Patiala: The “unilateral” decision of the previous Congress government of Charanjit Singh Channi in Punjab to terminate the contract of Ayushman Bharat – Mukh Mantri Sehat Bima Yojana (AB-MMSBY) – with a private insurance company a week before the The arrival of the model code of conduct in force before the 2022 National Assembly polls without taking action against the company has gone under the scanner of the AAP government.
More than 45 lakh families in the state are unable to get cashless treatment for the past six months under the flagship health insurance scheme launched on August 20, 2019. Under this scheme , financial health protection was provided to 65% of the population in the state, providing entitlement-based cashless health insurance coverage. ₹5 lakh per family per year in public and private incorporated hospitals.
The contract was terminated on December 29, 2021, which would otherwise have ended on August 18, 2022, citing that the company was taking more than the stipulated 15-day period to settle hospital payments.
In a memo to Chief Minister Bhagwant Mann (HT has access), Punjab Health Secretary Ajoy Sharma said that after the dismissal, the insurance company had been cleared of liability, putting the struggling patients. Since the termination of the contract, most private hospitals as well as some public hospitals have stopped treating patients under this program.
Following the note from the health secretary, CM Mann asked him to submit a detailed dossier for action.
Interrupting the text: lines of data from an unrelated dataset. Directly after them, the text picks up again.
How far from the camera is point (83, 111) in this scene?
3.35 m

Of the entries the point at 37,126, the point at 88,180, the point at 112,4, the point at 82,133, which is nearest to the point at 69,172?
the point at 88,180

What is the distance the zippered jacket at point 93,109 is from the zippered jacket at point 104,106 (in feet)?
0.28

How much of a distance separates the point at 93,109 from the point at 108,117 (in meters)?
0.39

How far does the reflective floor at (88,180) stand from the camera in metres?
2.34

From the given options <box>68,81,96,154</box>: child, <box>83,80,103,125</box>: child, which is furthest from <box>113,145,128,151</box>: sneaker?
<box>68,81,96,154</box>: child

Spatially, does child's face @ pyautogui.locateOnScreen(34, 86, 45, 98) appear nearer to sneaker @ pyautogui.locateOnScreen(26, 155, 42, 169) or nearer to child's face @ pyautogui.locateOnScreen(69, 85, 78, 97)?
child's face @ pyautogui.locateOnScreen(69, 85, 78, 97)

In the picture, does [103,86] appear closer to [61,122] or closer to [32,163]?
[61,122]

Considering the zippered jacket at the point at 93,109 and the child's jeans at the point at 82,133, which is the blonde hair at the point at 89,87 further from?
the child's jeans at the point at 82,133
The memo further states that the clearance was not taken by the state finance department prior to the termination of the contract. Had this been done, the Ministry of Finance would not have agreed as it potentially imposed an additional burden of almost ₹600-700 crore from the state treasury and benefited the insurance company from this amount, the note reads.
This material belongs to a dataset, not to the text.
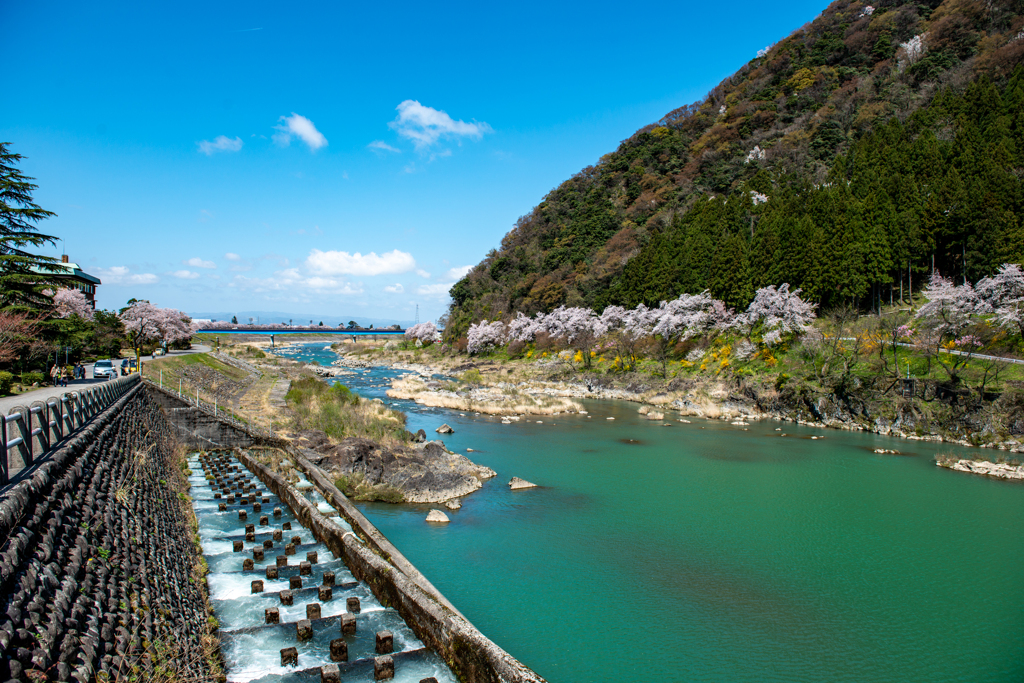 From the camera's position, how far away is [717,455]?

According to the agreement, the ministry should have given 30 days’ notice to the company to make corrections and a heavy penalty could have been imposed. However, no such thing was done. On the contrary, the company benefited from the immediate termination of the contract, reads the note.
The health secretary confirmed he had reported the irregularities. “But I cannot release them as the matter is pending with the Chief Minister. But I can say that it has caused a huge loss to the public treasury and left the patients stranded,” Ajoy Sharma said. “I feel pain when cancer, kidney and other patients are denied treatment due to the department’s apathy,” he said.
Shortly after the contract was terminated, the department issued new tenders and received the most suitable offer at triple the price of the previous premium. While the contract with the previous company was made at ₹1,050 per beneficiary, she received the new offer for a premium of ₹More than 3,000 per beneficiary, reads the note.
While then health minister OP Soni could not be contacted despite repeated attempts, a senior government official said: “This is the tip of the iceberg. Before passing an immediate termination order, the Punjab government and the health department did not even think of the 45 lakh families who were receiving treatment under the scheme.
Former Principal Health Secretary Raj Kamal Chaudhary said: ‘I had recommended blacklisting the company but nothing was done. The termination notice was issued by the public health agency not even sending me a file. The national health agency can explain why they did not send the file back to me for approval of the draft termination or any legal issues before sending it to the insurance company. I had also asked to send the file to the financial department, which was not respected either.